6. Don't stop at integration testing

Testing does not end with how your software modules work with one another, or even how they work with other, third-party modules. It goes beyond. Your software is going to be deployed in a complete production ecosystem that may include virtualization tools, databases, mail servers, load balancers, DNS servers, proxy servers, and more. Your customers' user experience depends not only on your application, but also on how it is deployed in your production environment and how it works with all those other peripheral components. These are the components (yes, all of them) that you should be targeting, so once you have validated (or while you are validating) your high-level architecture with integration testing, make sure you also run system tests that accurately simulate your production environment.

Integration testing is expensive but worthwhile

A key point in all of this is that it may be expensive to do integration testing properly and at the right time in the development cycle. However, it will be much more expensive to fix defects in your high-level architecture if it is discovered much later in the game.
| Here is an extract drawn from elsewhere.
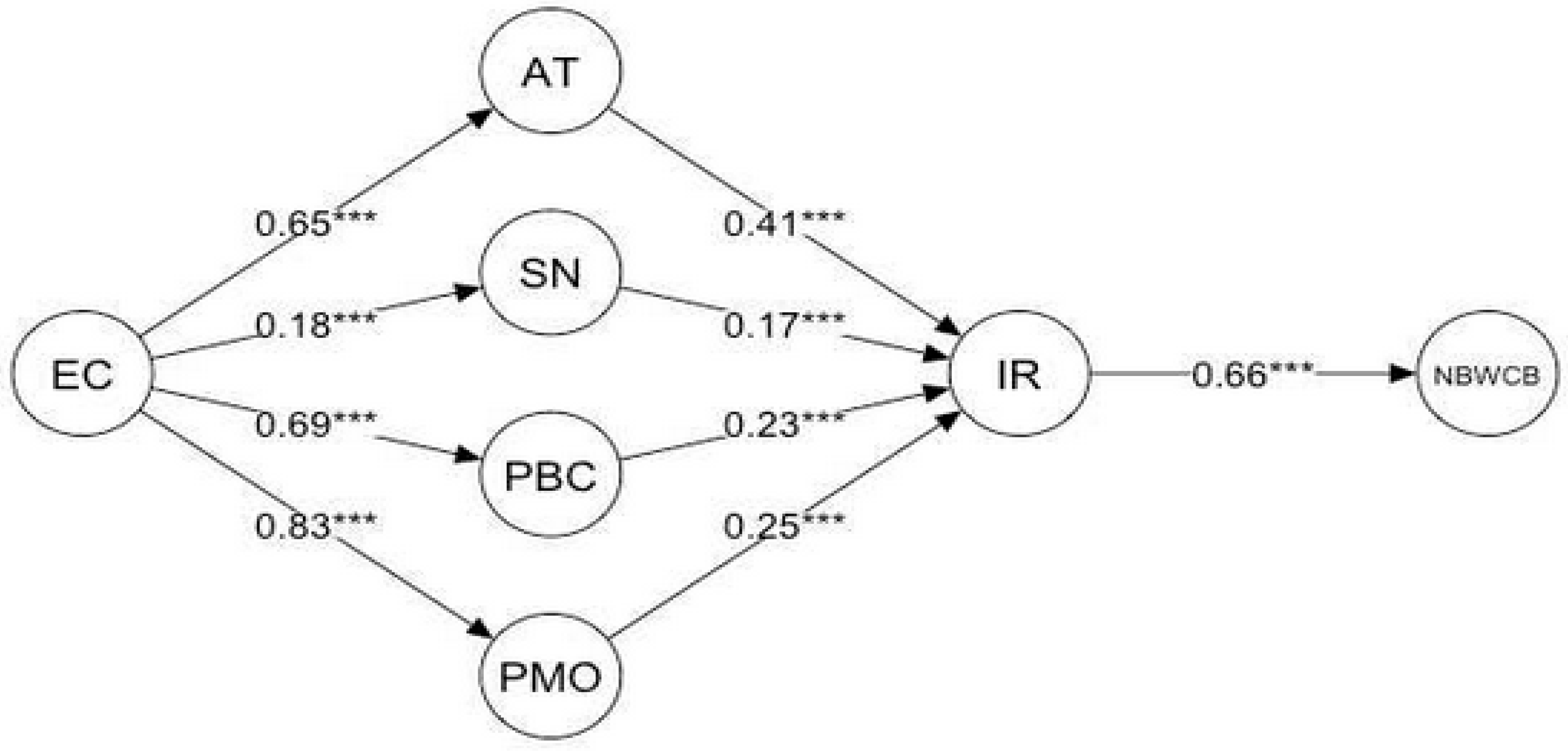 Energies 14 01985 g002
Walker Royce discusses this idea in detail in his paper "Measuring Agility and Architectural Integrity." He makes it clear that if you don't get your high-level architecture right, it's going to be much more expensive to rework it once the details of your application are already written—even if all of your unit tests pass. In his words, "Don't address precision in the components until you have achieved accuracy in the architecture (composition, relationships, and behavior of components)."

So don't lose heart. Figuring out how to do integration testing in CI environments can be a challenge, but the rewards are worthwhile. Follow the strategies outlined here, and you will save your DevOps team a lot of time.